As a result of the findings, retailer SPAR Austria, dairy group Berglandmilch, food producer VIVATIS and SIPCAN have demanded a comprehensive revision of the nutritional rating system.
Nutri-Score is set to be introduced into Austria, having gained traction across Europe in recent years.
The report suggests that the Nutri-Score rating system is flawed for a variety of reasons.
Sweeteners, colourings and preservatives, palm oil, and more do not have a negative effect on the evaluation, which SIPCAN believes is the wrong approach to take.
Other deficiencies include referring to 100-gram or 100-ml of a product instead of taking portion sizes into account.
The calculation per 100-ml or 100-gram also leads to bad ratings for products such as olive oil or butter, of which large quantities are not consumed.
As a result, many products seem to do better than one would expect and vice versa.
The report highlights the issues around sugar, with the WHO recommending a maximum sugar intake of 50 grams per day.
Currently, a sugar content of 9 gram/100 gram, or 1/5 of the maximum daily amount, results in only 2 negative points (out of ten possible) according to the Nutri-Score calculation.
The level of processing into each food is also not taken into account, with processed food known to have a number of side effects.
"In theory, the Nutri-Score labeling system sounds logical, but in practice, there is a risk that people associate the colouring with 'eating' and 'not eating'," said university professor Dr Friedrich Hoppichler, who took a close look at the Nutri-Score in a scientific report.
"I am particularly critical of the exclusion of sweeteners, since the Nutri-Score practically asks you to use sweeteners instead of sugar in order to obtain a better rating," he added.
SPAR board member Markus Kaser said, "A possible introduction of the Nutri-Score in Austria is on the table and we see that this very flawed system will mislead consumers instead of helping them to eat healthily.
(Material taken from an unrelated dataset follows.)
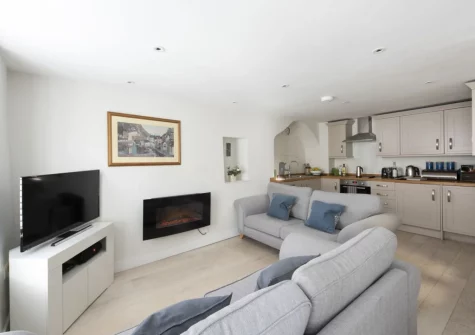 The living area at 4 Quayside, Fowey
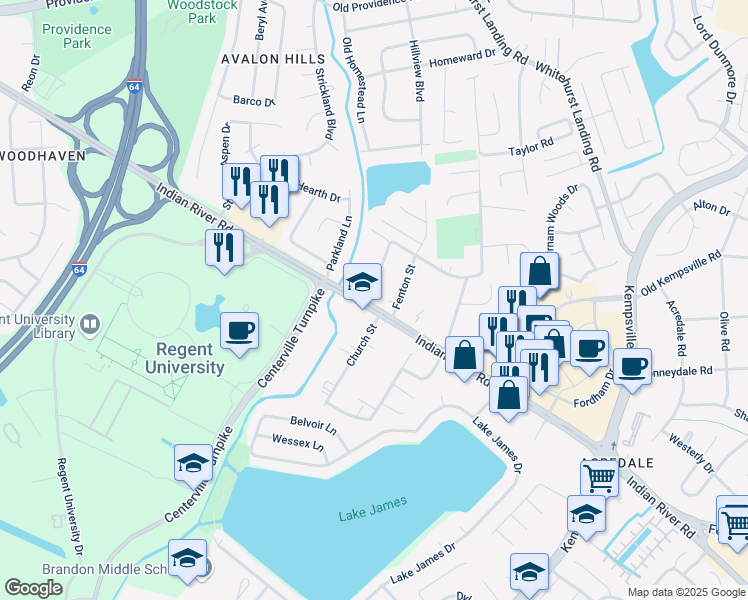map of restaurants, bars, coffee shops, grocery stores, and more near 5556 Indian River Road in Virginia Beach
"We therefore urgently need a revision of the Nutri-Score, an open-ended discourse, and perhaps even a completely new labelling system."
SPAR, Berglandmilch, VIVATIS, and SIPCAN also highlighted other issues with the Nutri-Score system.
In a survey drawn up by the opinion research institute Marketagent, 500 people in Austria were asked about the Nutri-Score or labels on food at the end of February.
Only 11.8% of the respondents said they pay attention to the Nutri-Score when shopping, while 33% were not aware of Nutri-Score.
The survey also revealed 74% of the participants have not yet noticed the Nutri-Score, or do not know what it says.
The Food Compass Score has been suggested as an alternative, as it includes 54 health criteria from nine areas, evaluates the food across product groups from one to 100, and also takes into account the degree of processing.